● What is needed
Pictures aside, output each record exactly.

━━━━

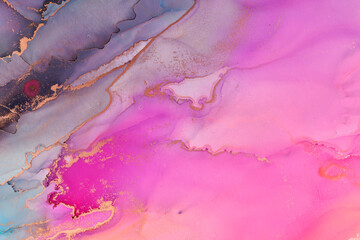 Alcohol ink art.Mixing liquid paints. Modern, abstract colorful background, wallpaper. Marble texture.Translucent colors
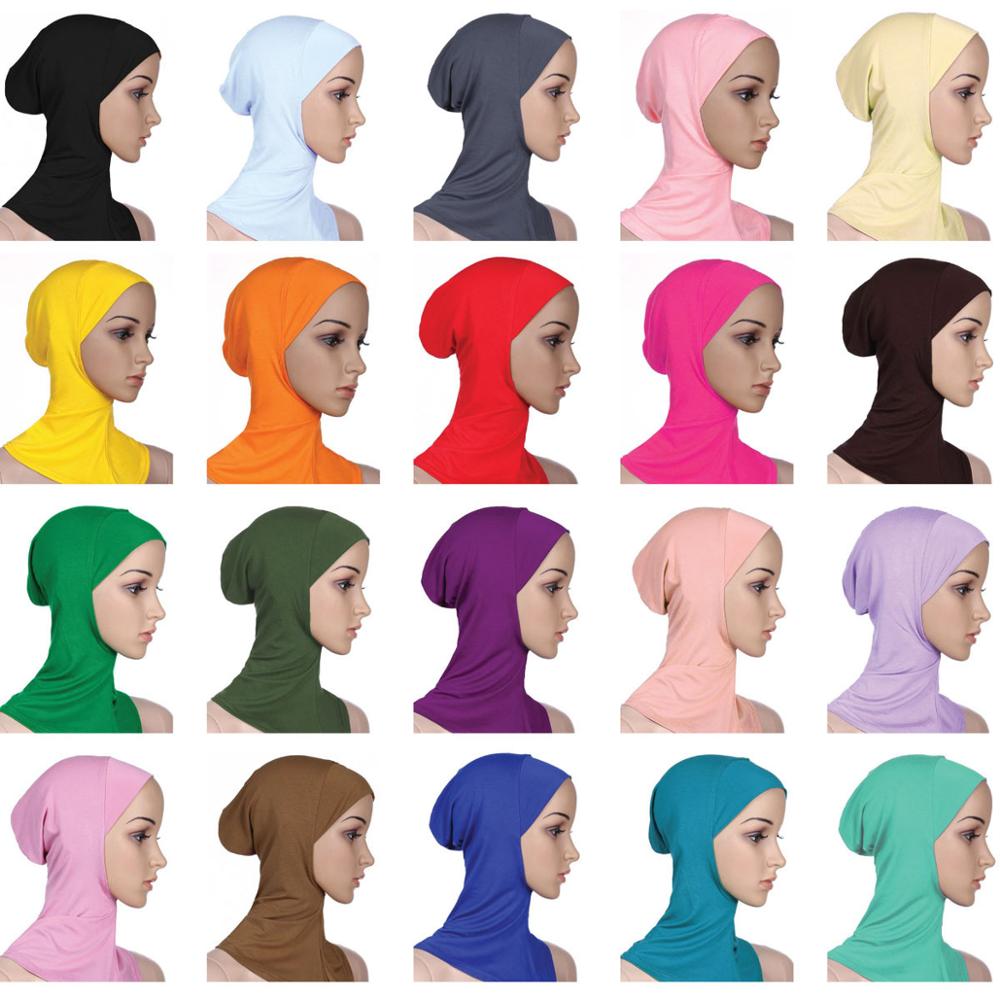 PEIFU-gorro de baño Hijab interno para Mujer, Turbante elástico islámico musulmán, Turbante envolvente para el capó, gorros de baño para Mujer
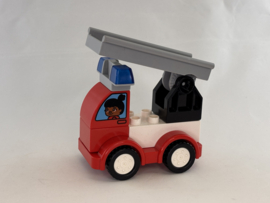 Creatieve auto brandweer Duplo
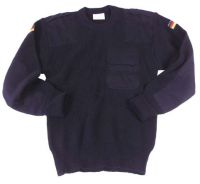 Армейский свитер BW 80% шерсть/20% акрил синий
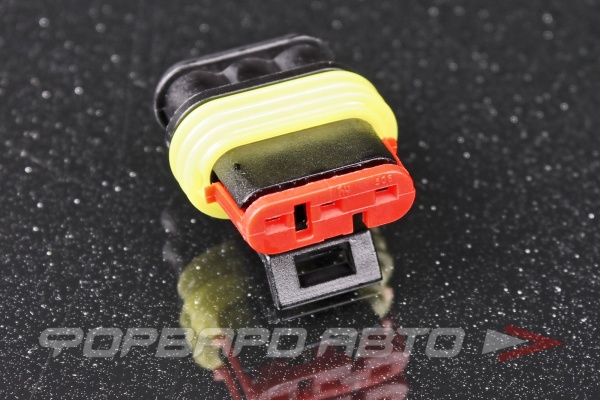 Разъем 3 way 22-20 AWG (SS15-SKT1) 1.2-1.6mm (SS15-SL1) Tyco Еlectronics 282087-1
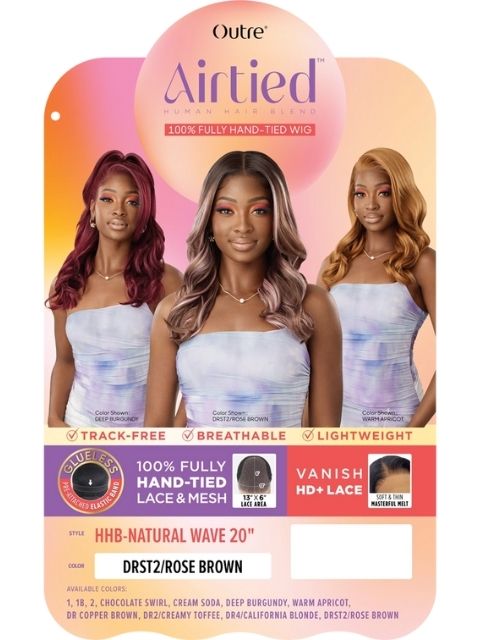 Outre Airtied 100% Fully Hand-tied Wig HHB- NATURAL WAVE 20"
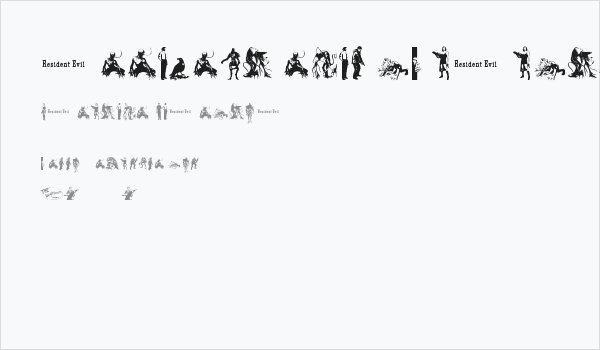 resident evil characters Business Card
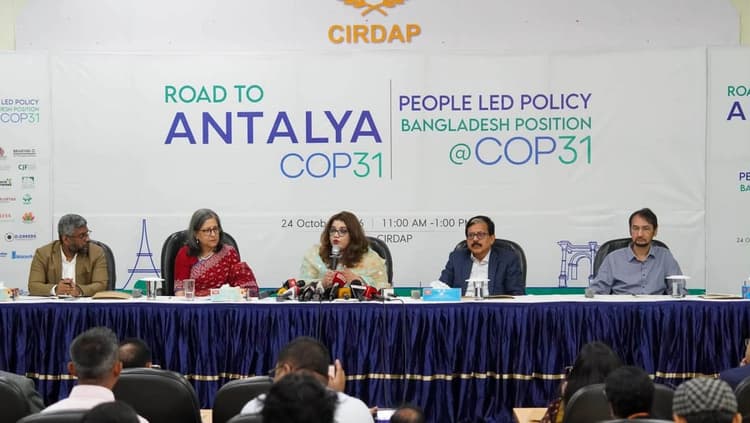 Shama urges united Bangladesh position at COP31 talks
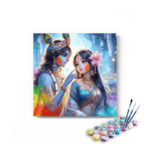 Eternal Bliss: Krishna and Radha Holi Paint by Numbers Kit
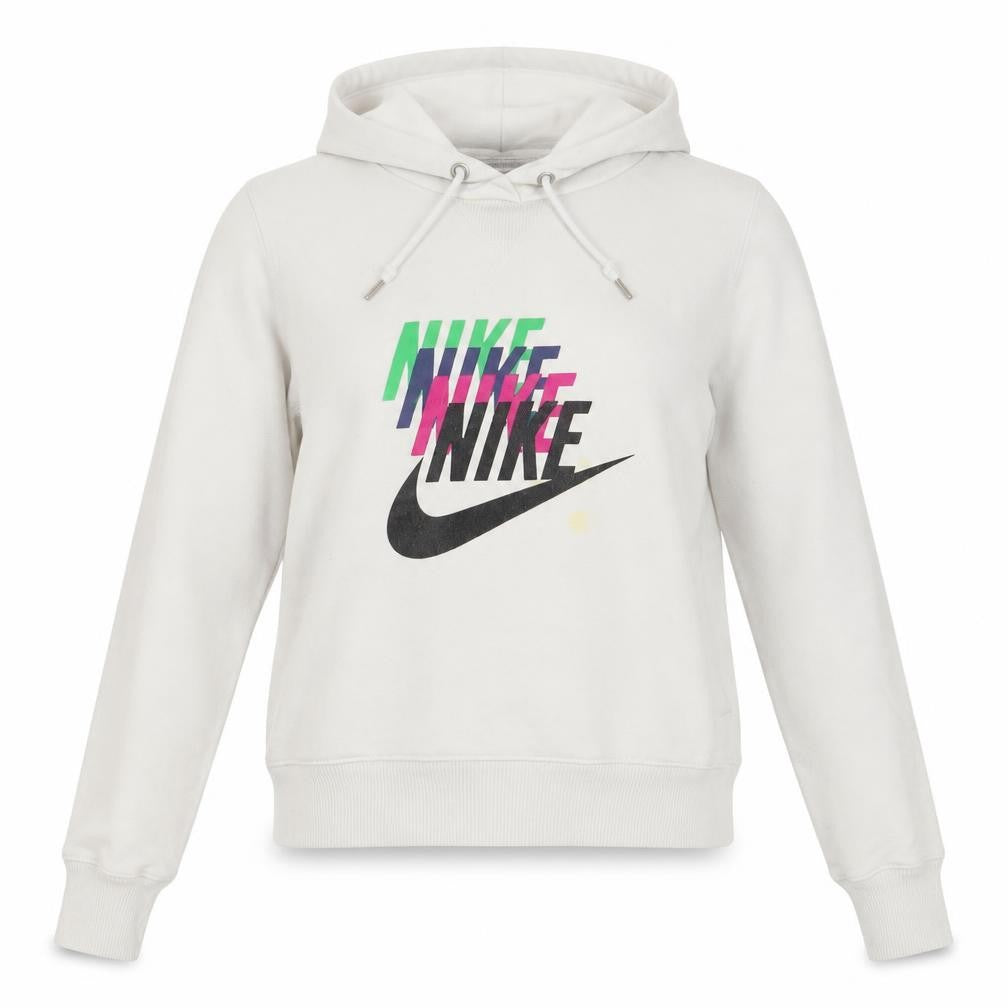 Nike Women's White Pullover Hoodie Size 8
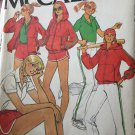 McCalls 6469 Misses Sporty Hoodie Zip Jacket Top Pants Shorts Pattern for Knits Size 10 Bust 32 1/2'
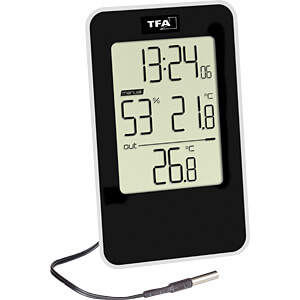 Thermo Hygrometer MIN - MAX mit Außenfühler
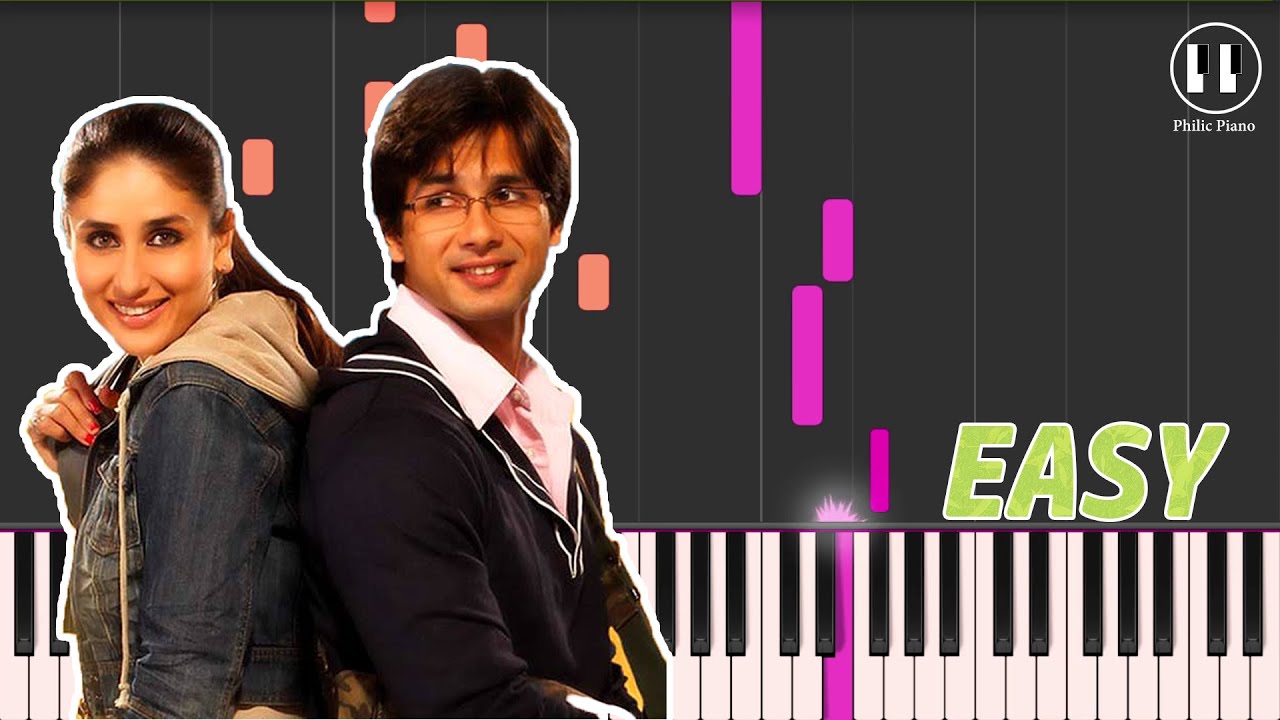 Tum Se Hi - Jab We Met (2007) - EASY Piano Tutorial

━━━━

● Answer for this exercise
 Alcohol ink art.Mixing liquid paints. Modern, abstract colorful background, wallpaper. Marble texture.Translucent colors
 PEIFU-gorro de baño Hijab interno para Mujer, Turbante elástico islámico musulmán, Turbante envolvente para el capó, gorros de baño para Mujer
 Creatieve auto brandweer Duplo
 Армейский свитер BW 80% шерсть/20% акрил синий
 Разъем 3 way 22-20 AWG (SS15-SKT1) 1.2-1.6mm (SS15-SL1) Tyco Еlectronics 282087-1
 Outre Airtied 100% Fully Hand-tied Wig HHB- NATURAL WAVE 20"
 resident evil characters Business Card
 Shama urges united Bangladesh position at COP31 talks
 Eternal Bliss: Krishna and Radha Holi Paint by Numbers Kit
 Nike Women's White Pullover Hoodie Size 8
 McCalls 6469 Misses Sporty Hoodie Zip Jacket Top Pants Shorts Pattern for Knits Size 10 Bust 32 1/2'
 Thermo Hygrometer MIN - MAX mit Außenfühler
 Tum Se Hi - Jab We Met (2007) - EASY Piano Tutorial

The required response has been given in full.